Which lines run from the one containing "English Elm Modular" through the end of the data? Write them out exactly, with the pictures left out.

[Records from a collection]

━━━━━━━━━━━━━━━━━━━━

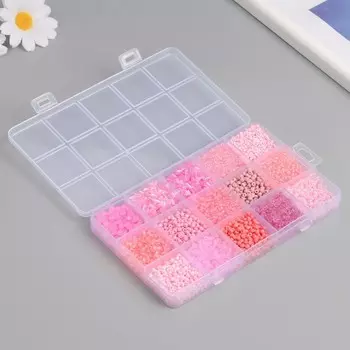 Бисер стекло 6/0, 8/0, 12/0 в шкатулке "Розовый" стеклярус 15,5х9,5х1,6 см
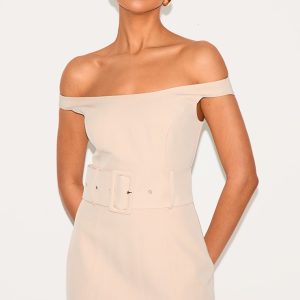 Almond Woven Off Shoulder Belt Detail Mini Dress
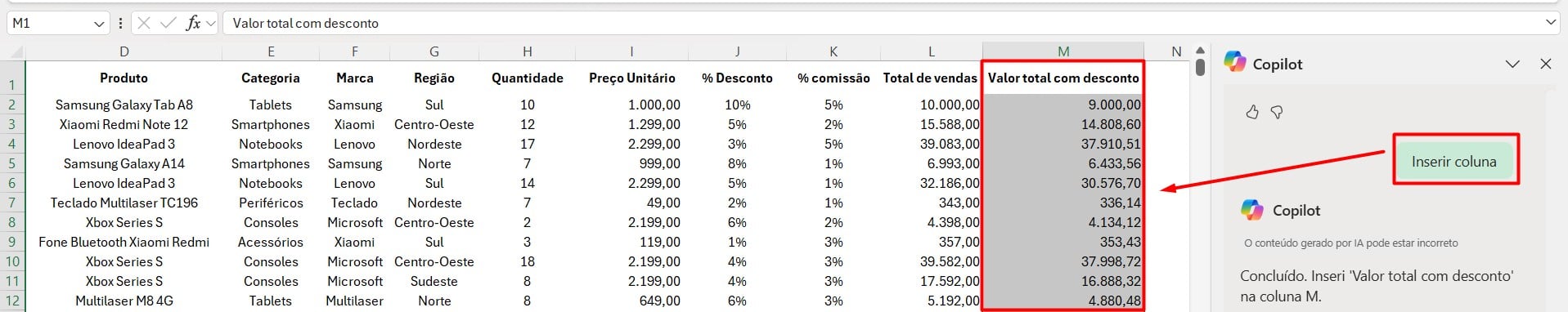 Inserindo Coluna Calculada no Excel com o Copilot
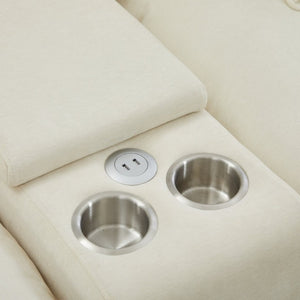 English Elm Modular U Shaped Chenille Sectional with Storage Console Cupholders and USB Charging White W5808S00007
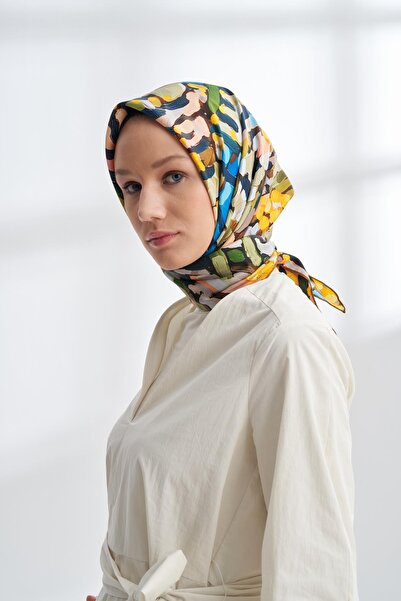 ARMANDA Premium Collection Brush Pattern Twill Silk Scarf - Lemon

━━━━━━━━━━━━━━━━━━━━

_OUTPUT OF THE EXERCISE_.
 English Elm Modular U Shaped Chenille Sectional with Storage Console Cupholders and USB Charging White W5808S00007
 ARMANDA Premium Collection Brush Pattern Twill Silk Scarf - Lemon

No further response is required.